“Yeni Ekonomi Programı Yapısal Dönüşüm Adımları 2019” başlıklı toplantı yapıldı. Çeşitli başlıklar vardı açıklamalarda. Yükselen gıda fiyatlarıyla ilgili başlıkta Maliye Bakanının sarf ettiği cümle “sağlıklı beslenme temel insan hakkıdır” oldu. Bu söz o anda aklıma bir soru getirdi. O zaman Asgari Ücret Komisyonu, milyonlarca işçinin en temel insan hakkını gasp etti. Asgari ücrete yapılan son zammın, açlık sınırının altında kaldığı çeşitli sendika ve araştırma kurumları tarafından açıklanmıştı. Asgari ücret komisyonu toplam 15 kişiden oluşuyor. Komisyondaki beş kişi devletin temsilcisi olarak orada bulunuyor. Ortada bir çelişki yok mu kardeşler sizce de? Devletin temsilcileri bir yerde hak diyor, diğer bir yerde de hakkın gaspını gerçekleştiriyor, işçileri açlık sınırı altında çalışmaya mahkûm ediyor.
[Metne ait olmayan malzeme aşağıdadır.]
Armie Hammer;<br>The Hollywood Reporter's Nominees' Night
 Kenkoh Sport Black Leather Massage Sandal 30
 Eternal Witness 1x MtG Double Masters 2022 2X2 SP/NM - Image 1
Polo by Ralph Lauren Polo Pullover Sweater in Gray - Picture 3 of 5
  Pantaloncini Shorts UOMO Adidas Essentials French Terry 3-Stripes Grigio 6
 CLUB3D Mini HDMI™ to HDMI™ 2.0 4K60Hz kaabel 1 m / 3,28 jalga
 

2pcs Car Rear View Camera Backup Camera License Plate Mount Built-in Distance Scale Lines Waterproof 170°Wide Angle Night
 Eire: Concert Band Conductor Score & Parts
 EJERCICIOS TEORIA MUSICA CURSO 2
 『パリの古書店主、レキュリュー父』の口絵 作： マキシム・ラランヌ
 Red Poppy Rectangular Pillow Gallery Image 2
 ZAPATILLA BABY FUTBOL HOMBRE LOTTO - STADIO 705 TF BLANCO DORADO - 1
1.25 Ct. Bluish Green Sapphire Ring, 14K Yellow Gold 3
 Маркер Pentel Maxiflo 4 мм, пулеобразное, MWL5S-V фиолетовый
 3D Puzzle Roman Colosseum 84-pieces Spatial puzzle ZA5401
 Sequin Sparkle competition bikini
Aslında gerçekleşen yerel seçim ve açıklanan sonuçlara yapılan yorumlarda, AKP’ye oy veren insanların bu seçimlerde ekonomik kriz, işsizlik gibi sorunları ile sandığa gittiği ya da gitmediği ve seçmenin iktidara bir mesaj verdiği ifade edilmişti. Cumhurbaşkanı ve partinin bakanlarının da bu mesajı aldığı iddia edilmişti. Bunu iddia edenlerin büyük bir yanılgı içerisinde oldukları kesin. YEP’te işçilerin payına BES ve kıdem tazminatı fonu soygunu çıktı. Yani iktidar işçilerin, emekçilerin sesini duymamış olacak ki işçilerin var olan haklarının gaspına devam ediyor. Bu yılsonuna kadar fonun hayata geçirileceği, BES’le kıdem tazminatlarının aynı fonda toplanacağı açıklandı. Toplantı sonunda iktisatçılara yapılan açıklamada artık işçilerin BES’te daha düzenli ve disiplinli bir şekilde olacağı, BES’te olmayan işçinin kıdem tazminatı hakkından da mahrum kalacağı ifade edildi. Bu da işçilere dönük bir saldırı anlamına geliyor. Sermaye sınıfının temsilcilerinin yüzleri gülüyor. Yeni paketin çok olumlu olduğunu söylemeleri, desteklediklerini açıklamaları, aslında bu paketin bizim için hiç de hayırlı olmayacağının bir işareti.
Önümüzde İşçi Sınıfının Uluslararası Birlik, Mücadele ve Dayanışma Günü olan 1 Mayıs var. İşçiler olarak yerel seçimlere gösterdiğimiz ilginin çok daha fazlasını 1 Mayıs’a göstermeliyiz. Sonuçta hep beraber nur topu gibi krizi kucağımıza bırakmaya çalışıyorlar. Demek ki bizi yönetenler, sadece sandıkla, seçimle işçilerin emekçilerin sesini duymuyorlar. Gelin kitlesel bir katılımla 1 Mayıs alanlarını dolduralım. Alanlarda yüz binlerce işçi bir arada taleplerimizi haykıralım. Örgütlenelim, güçlenelim, mücadele saflarımızı sıklaştıralım. 1 Mayıs alanlarından gerekli cevabı yüz binler olarak verelim.